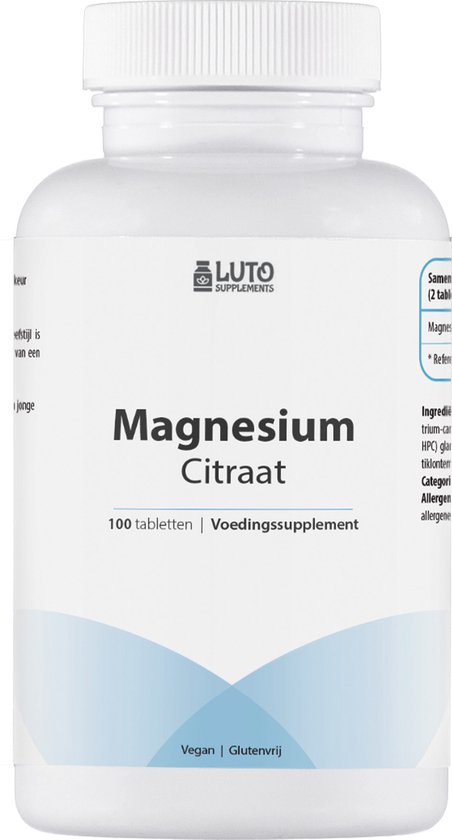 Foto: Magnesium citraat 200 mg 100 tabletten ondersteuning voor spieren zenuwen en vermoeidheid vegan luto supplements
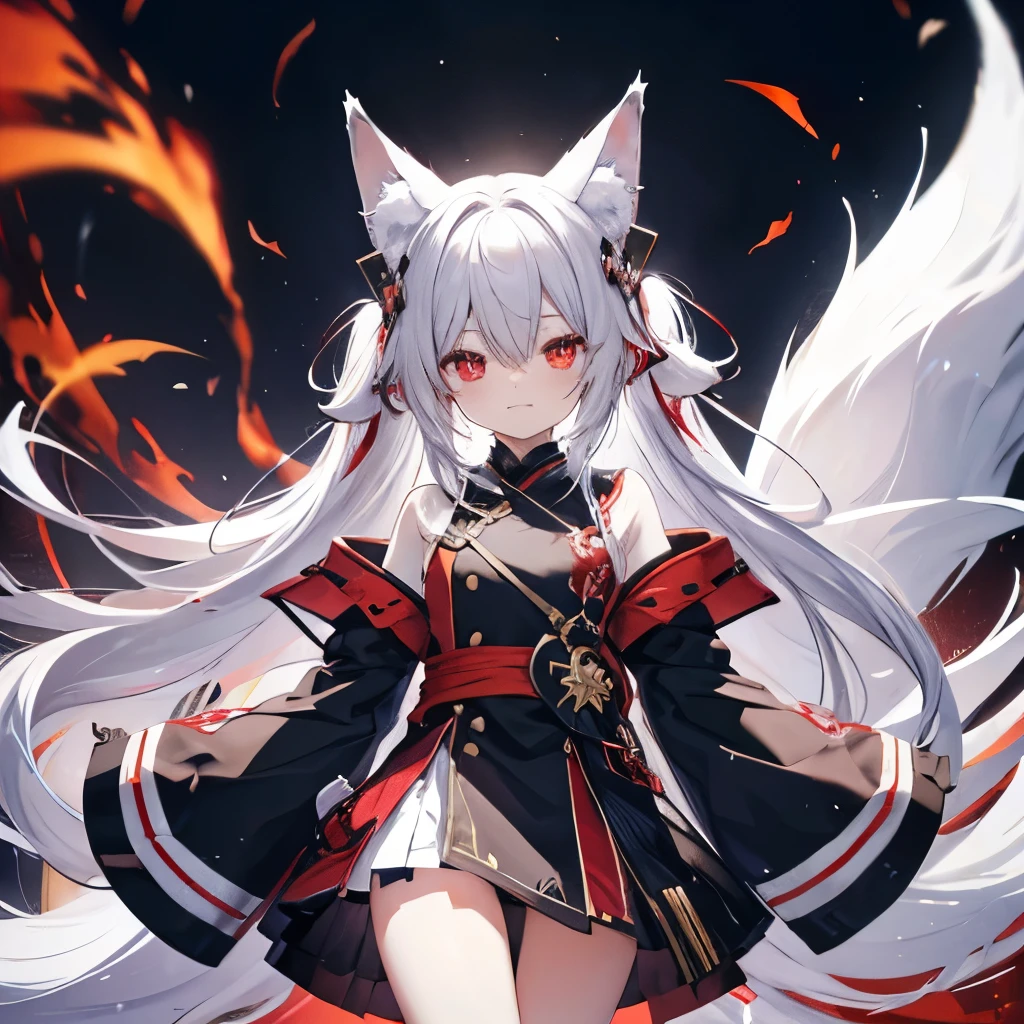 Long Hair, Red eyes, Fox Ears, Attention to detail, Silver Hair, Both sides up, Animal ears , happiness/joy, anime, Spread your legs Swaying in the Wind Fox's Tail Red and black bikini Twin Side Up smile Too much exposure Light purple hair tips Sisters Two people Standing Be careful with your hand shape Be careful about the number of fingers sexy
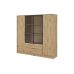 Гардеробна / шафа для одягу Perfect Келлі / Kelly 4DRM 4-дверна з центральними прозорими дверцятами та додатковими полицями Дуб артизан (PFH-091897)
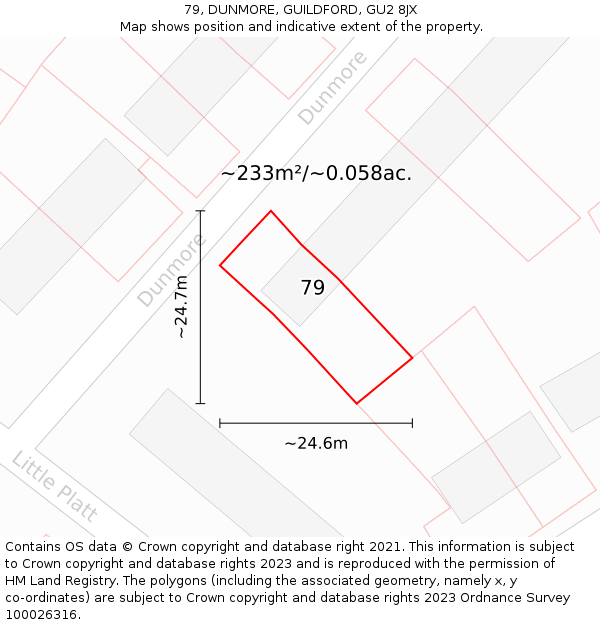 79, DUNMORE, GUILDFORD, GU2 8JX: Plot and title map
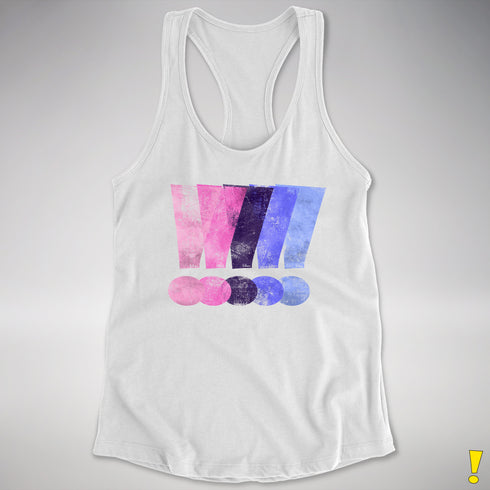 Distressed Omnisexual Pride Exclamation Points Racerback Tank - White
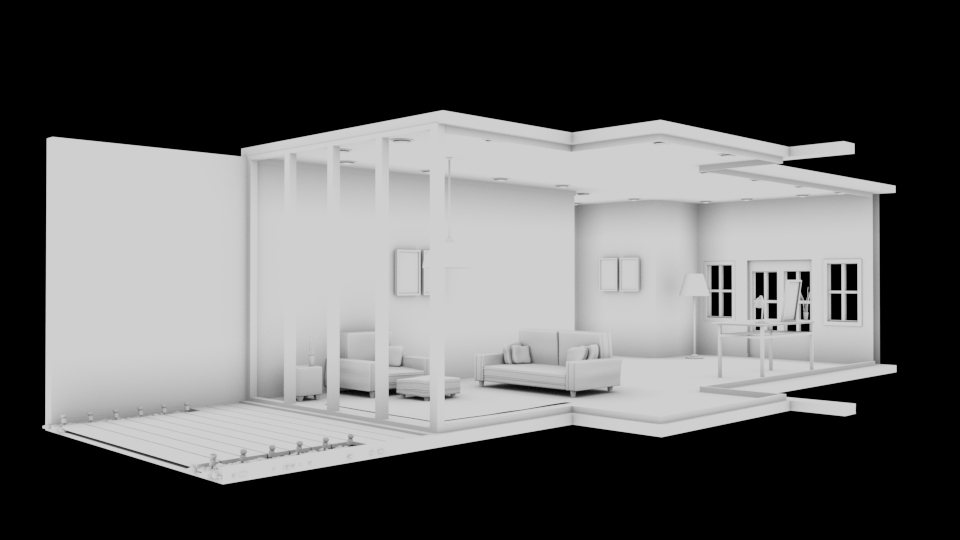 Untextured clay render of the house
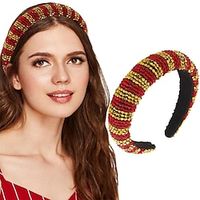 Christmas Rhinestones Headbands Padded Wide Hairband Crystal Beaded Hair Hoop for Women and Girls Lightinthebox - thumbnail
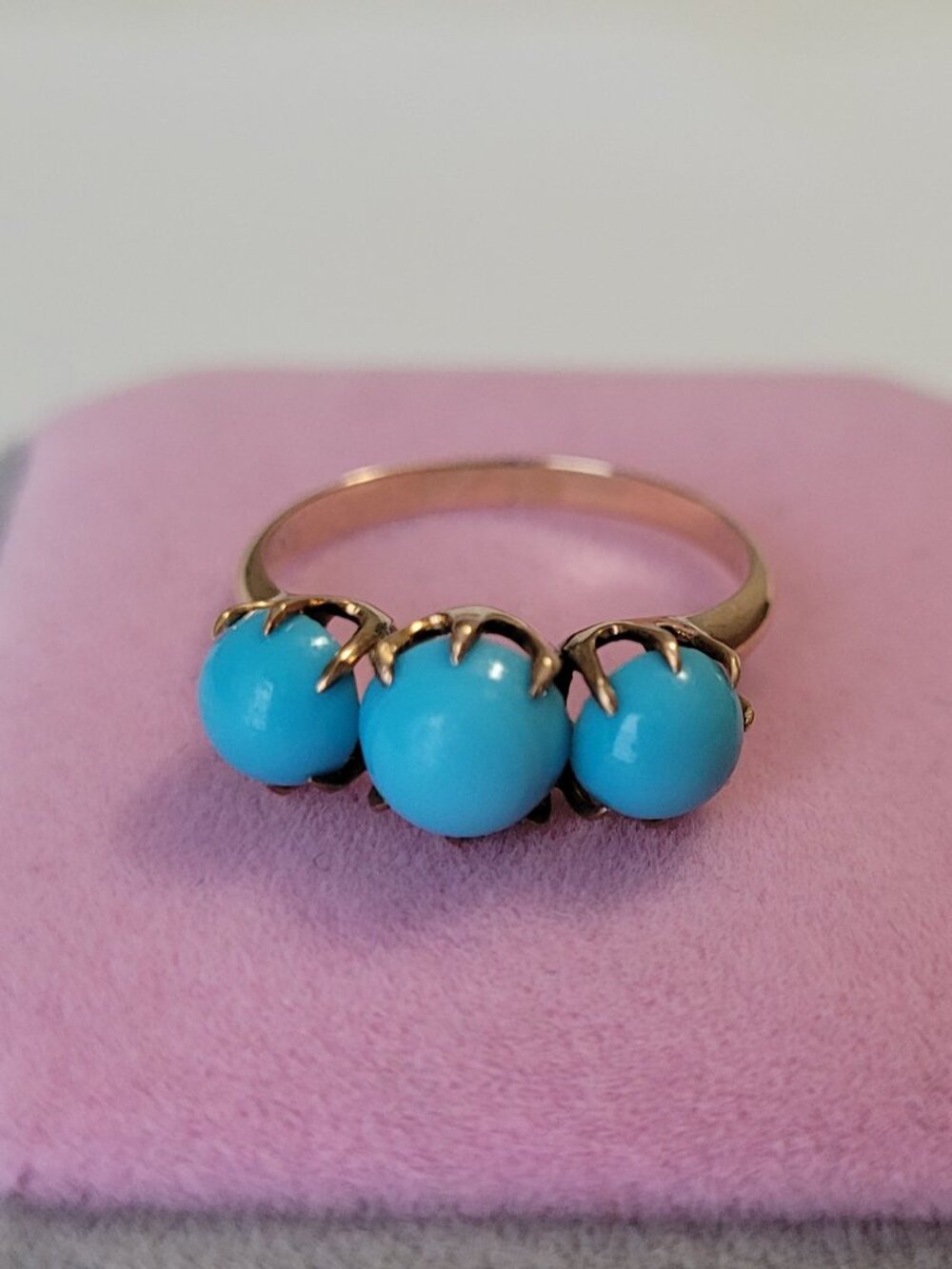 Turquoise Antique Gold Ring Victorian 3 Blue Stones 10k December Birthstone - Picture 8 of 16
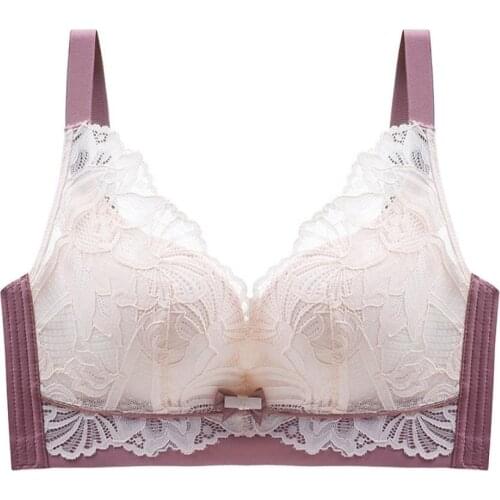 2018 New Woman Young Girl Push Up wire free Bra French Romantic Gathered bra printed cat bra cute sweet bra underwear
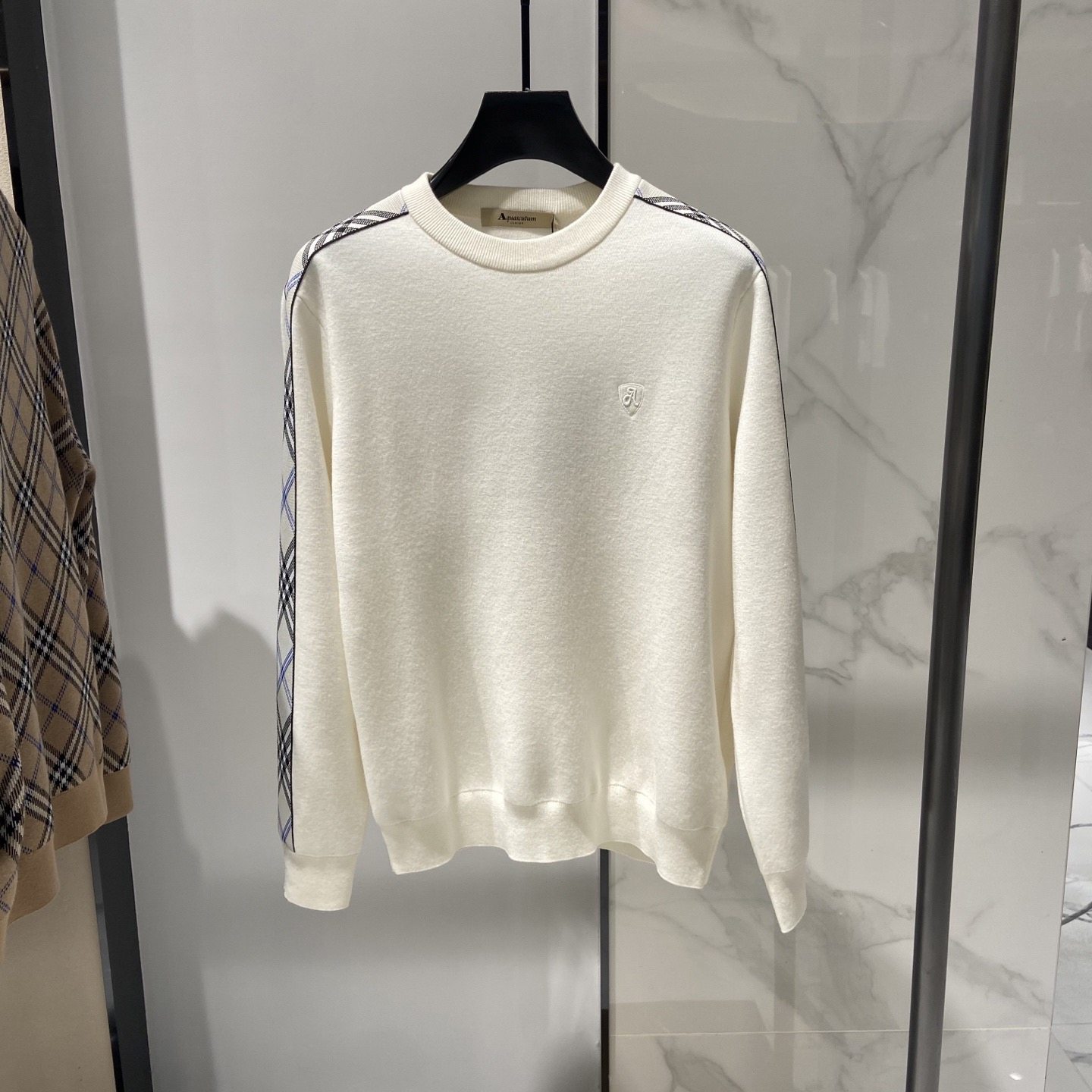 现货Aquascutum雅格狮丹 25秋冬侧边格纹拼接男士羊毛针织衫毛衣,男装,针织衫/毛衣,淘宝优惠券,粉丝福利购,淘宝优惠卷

******************************

▶ **Action item**:
Pictures stay out; reproduce exactly the lines from the one containing "Distressed Omnisexual Pride" through the last line of the listing, both included.

▶ **Reply to the exercise**:
 Distressed Omnisexual Pride Exclamation Points Racerback Tank - White
 Untextured clay render of the house
 Christmas Rhinestones Headbands Padded Wide Hairband Crystal Beaded Hair Hoop for Women and Girls Lightinthebox - thumbnail
 Turquoise Antique Gold Ring Victorian 3 Blue Stones 10k December Birthstone - Picture 8 of 16
 2018 New Woman Young Girl Push Up wire free Bra French Romantic Gathered bra printed cat bra cute sweet bra underwear
 现货Aquascutum雅格狮丹 25秋冬侧边格纹拼接男士羊毛针织衫毛衣,男装,针织衫/毛衣,淘宝优惠券,粉丝福利购,淘宝优惠卷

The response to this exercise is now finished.